# ASSIGNMENT
Print the lines of the listing below verbatim from its first line through the line bearing "drone / aerial view featuring a water view". Any pictures are to be omitted.

§ §

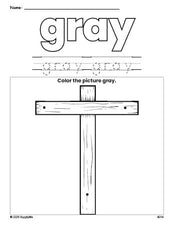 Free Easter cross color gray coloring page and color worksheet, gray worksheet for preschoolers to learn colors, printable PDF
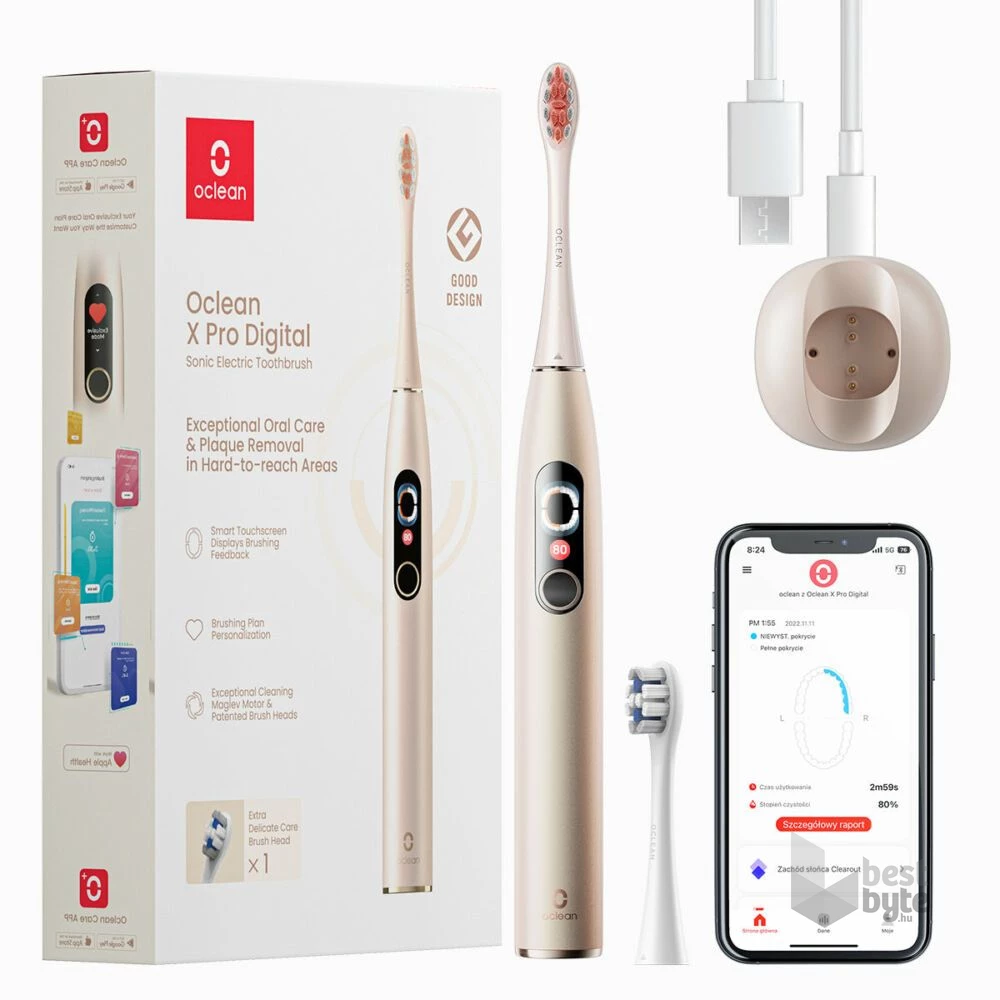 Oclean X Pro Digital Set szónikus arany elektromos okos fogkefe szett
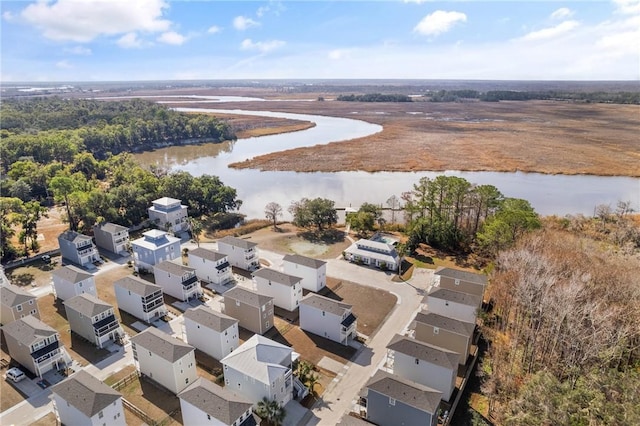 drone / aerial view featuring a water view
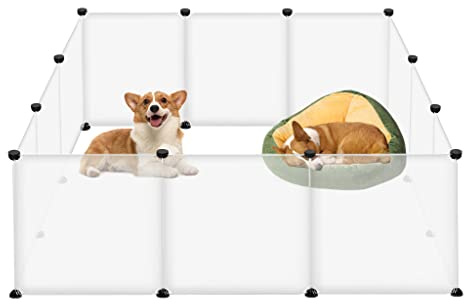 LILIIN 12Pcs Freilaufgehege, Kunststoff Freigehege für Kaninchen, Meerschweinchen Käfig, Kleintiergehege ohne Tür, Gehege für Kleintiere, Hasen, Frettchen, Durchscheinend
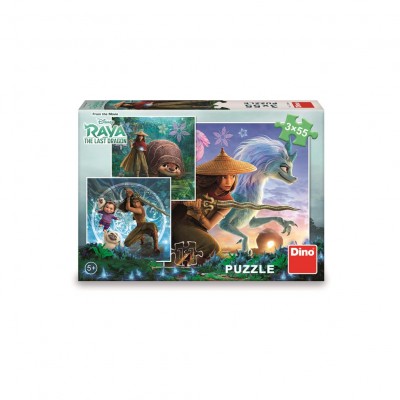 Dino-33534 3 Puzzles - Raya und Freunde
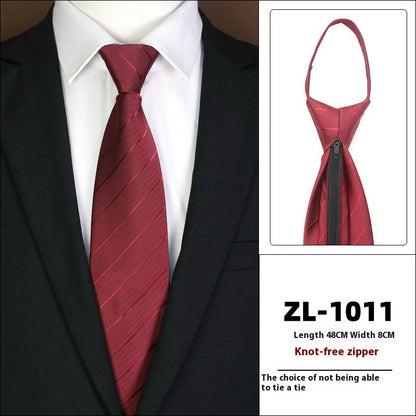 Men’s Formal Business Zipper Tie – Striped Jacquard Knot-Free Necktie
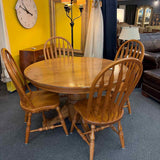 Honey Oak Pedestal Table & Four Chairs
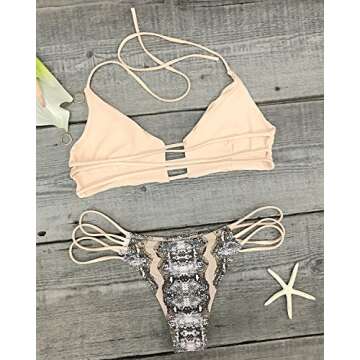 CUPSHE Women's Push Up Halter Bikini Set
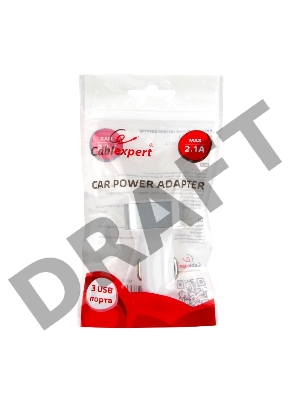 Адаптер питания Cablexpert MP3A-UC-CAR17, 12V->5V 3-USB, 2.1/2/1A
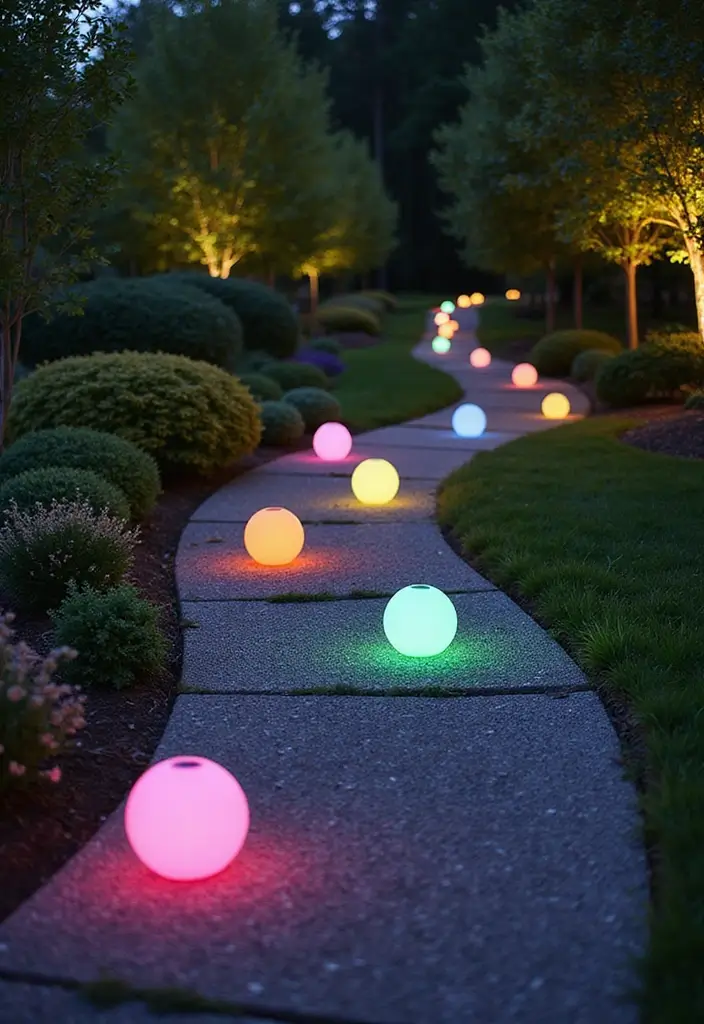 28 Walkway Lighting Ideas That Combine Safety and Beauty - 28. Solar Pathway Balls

§ §

# SOLUTION TO THIS PROBLEM
 Free Easter cross color gray coloring page and color worksheet, gray worksheet for preschoolers to learn colors, printable PDF
 Oclean X Pro Digital Set szónikus arany elektromos okos fogkefe szett
 drone / aerial view featuring a water view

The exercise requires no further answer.